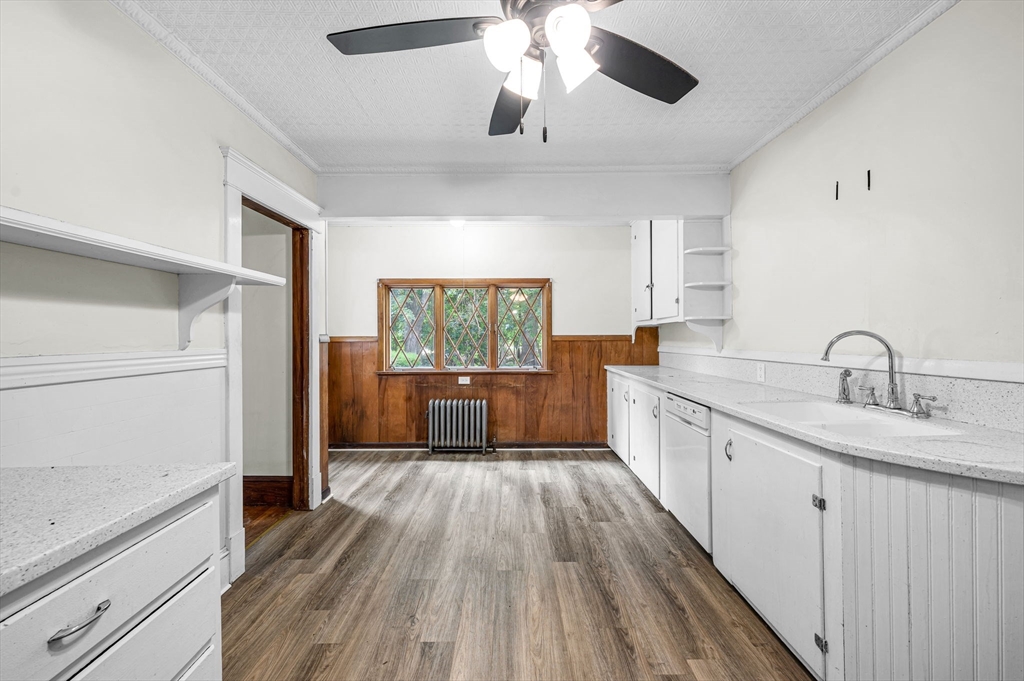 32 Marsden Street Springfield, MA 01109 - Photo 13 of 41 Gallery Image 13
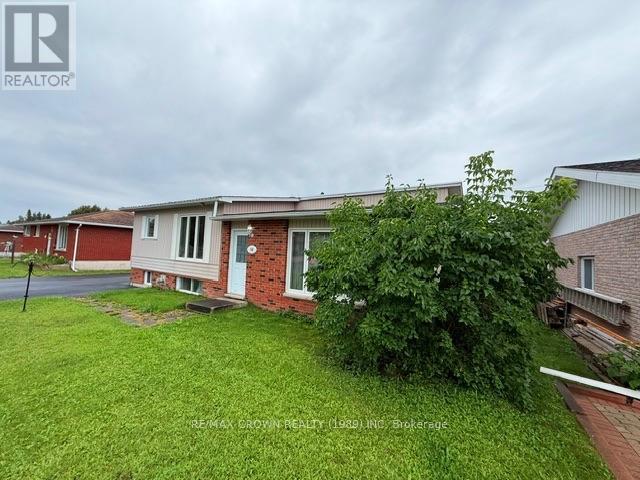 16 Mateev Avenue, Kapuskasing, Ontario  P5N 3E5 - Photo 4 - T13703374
---
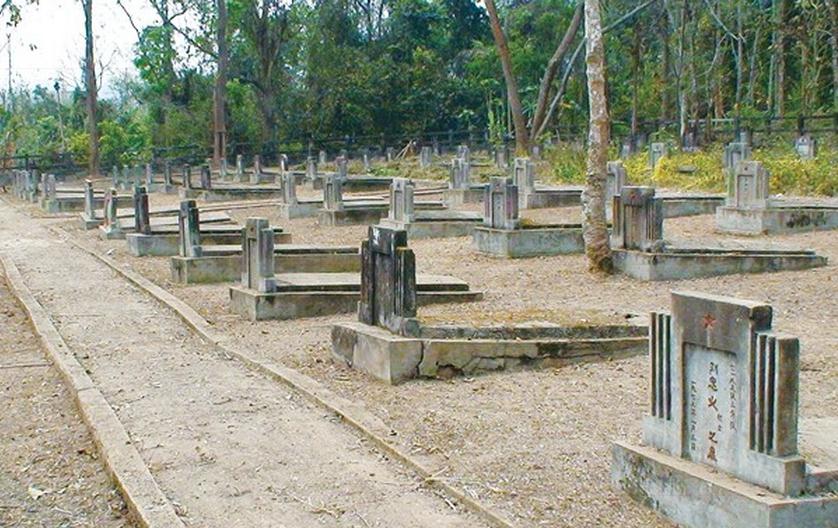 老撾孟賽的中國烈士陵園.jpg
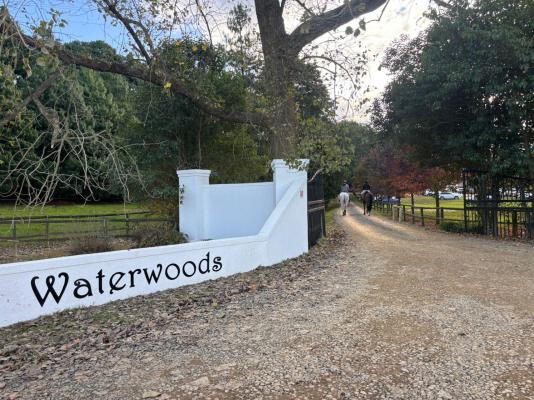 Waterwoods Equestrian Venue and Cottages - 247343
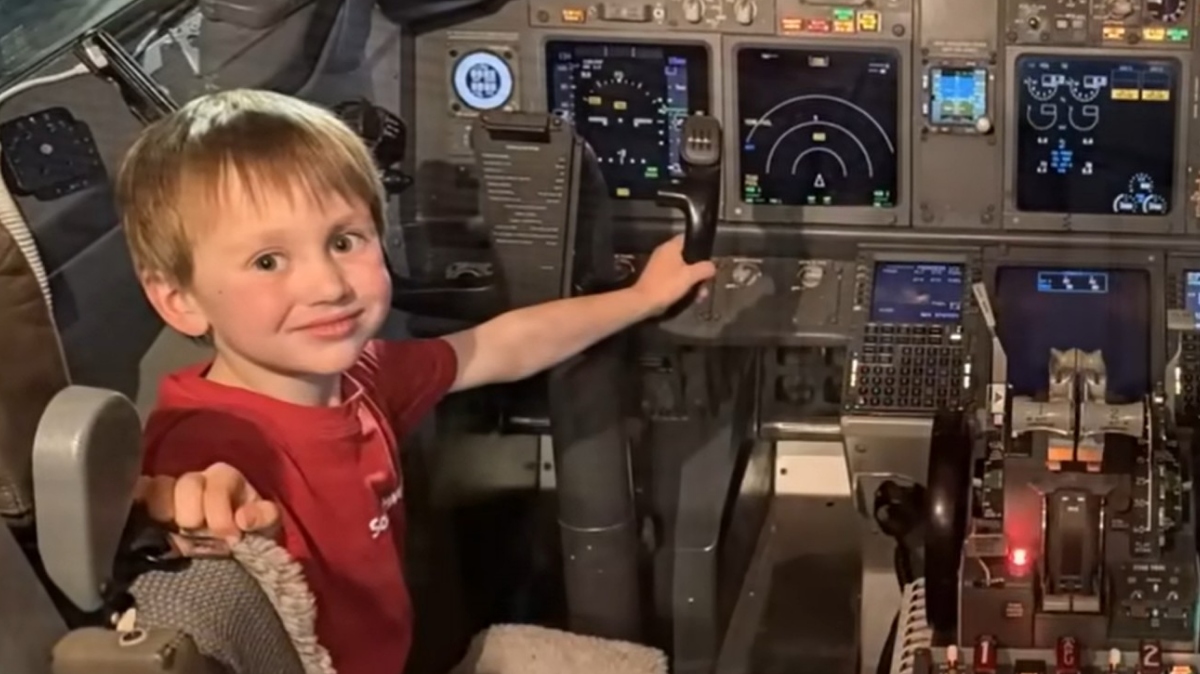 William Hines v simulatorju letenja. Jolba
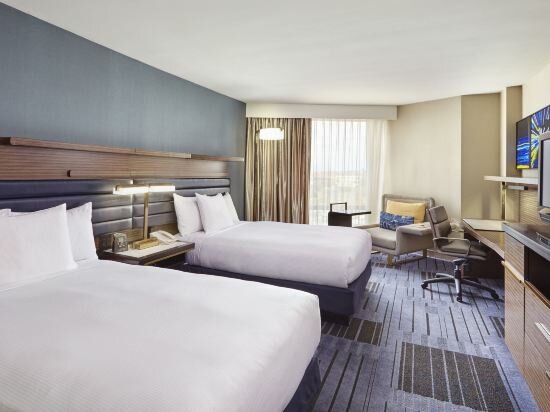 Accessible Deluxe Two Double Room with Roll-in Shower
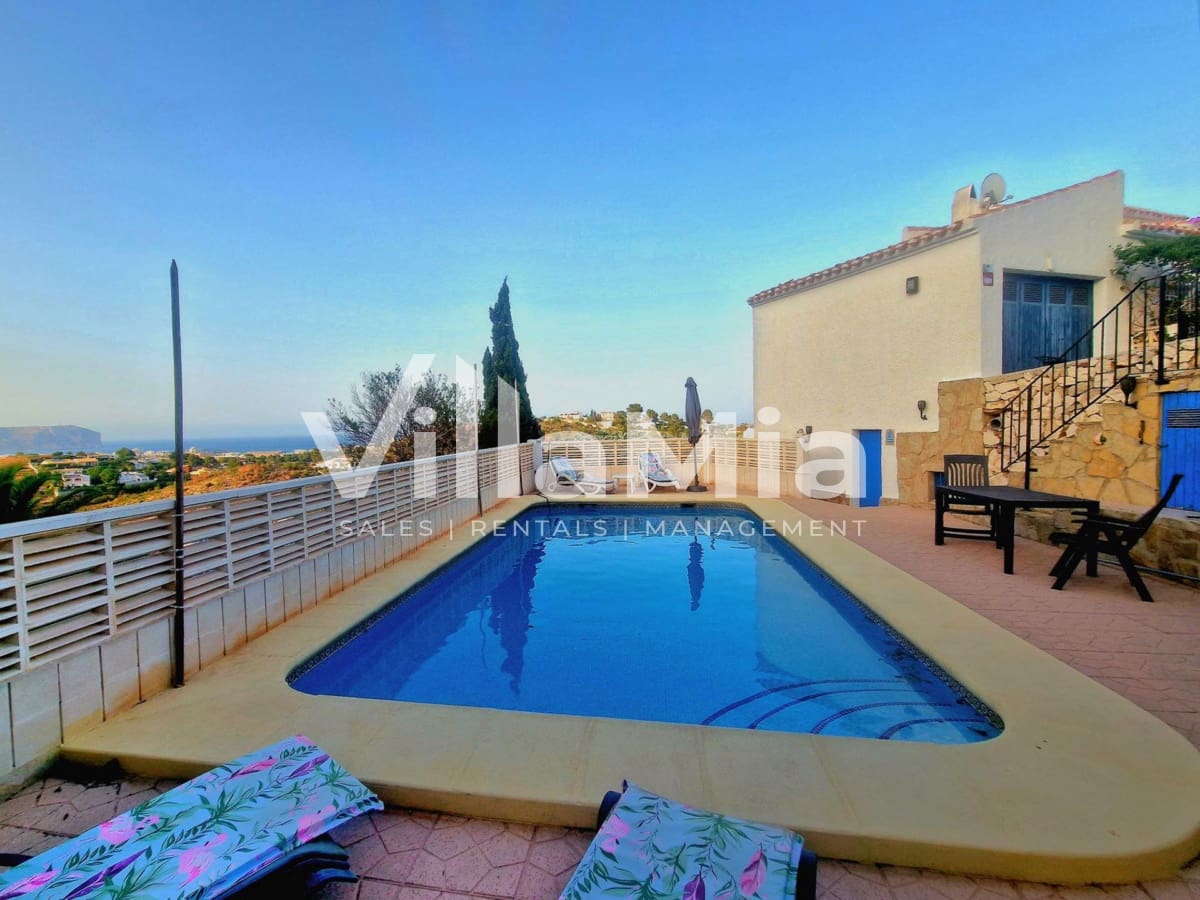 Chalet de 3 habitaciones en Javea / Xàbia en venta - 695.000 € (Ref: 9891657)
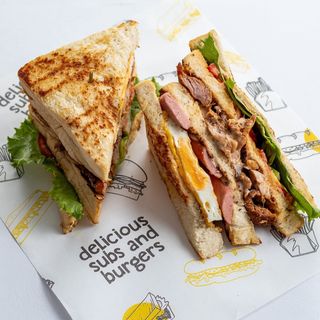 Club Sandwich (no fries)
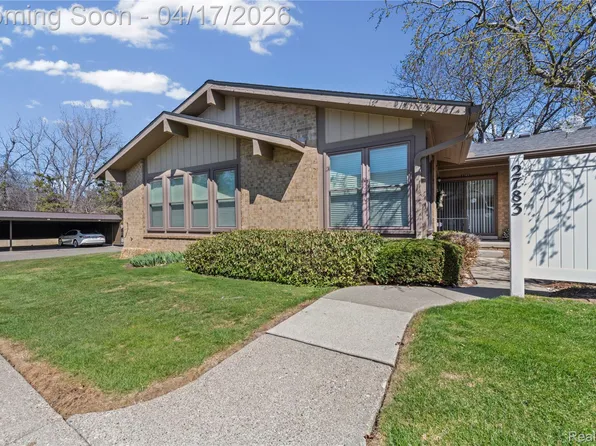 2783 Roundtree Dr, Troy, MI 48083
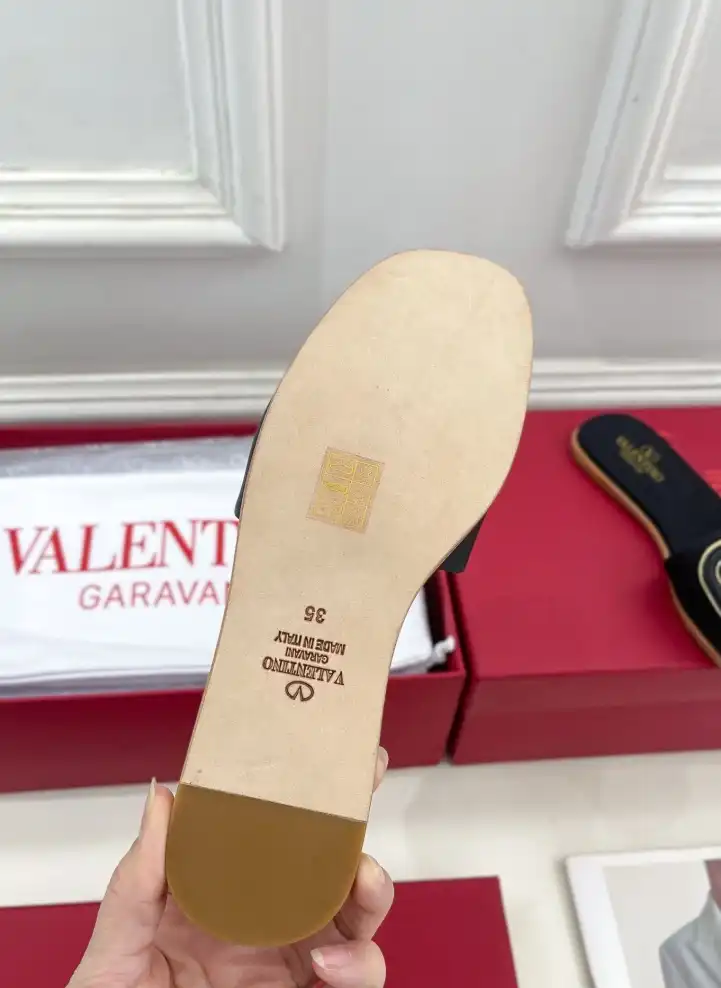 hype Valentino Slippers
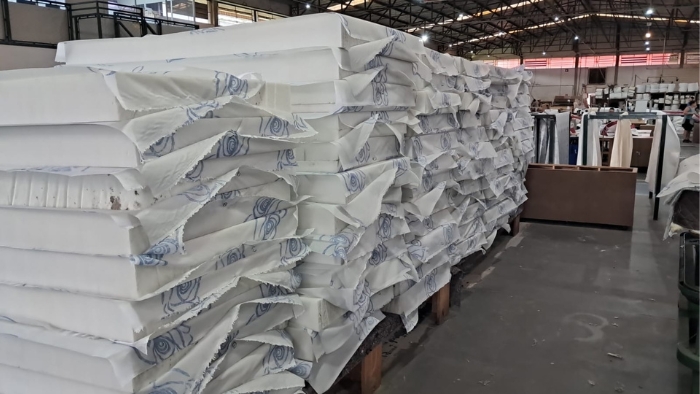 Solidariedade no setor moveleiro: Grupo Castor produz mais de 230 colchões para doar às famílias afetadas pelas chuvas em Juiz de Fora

• **About this exercise**: Only one stretch of the data is wanted: write out exactly the lines from the one holding "2783 Roundtree Dr, Troy, MI 48083" through the one holding "Solidariedade no setor", both included, without the pictures.

• **Output**:
 2783 Roundtree Dr, Troy, MI 48083
 hype Valentino Slippers
 Solidariedade no setor moveleiro: Grupo Castor produz mais de 230 colchões para doar às famílias afetadas pelas chuvas em Juiz de Fora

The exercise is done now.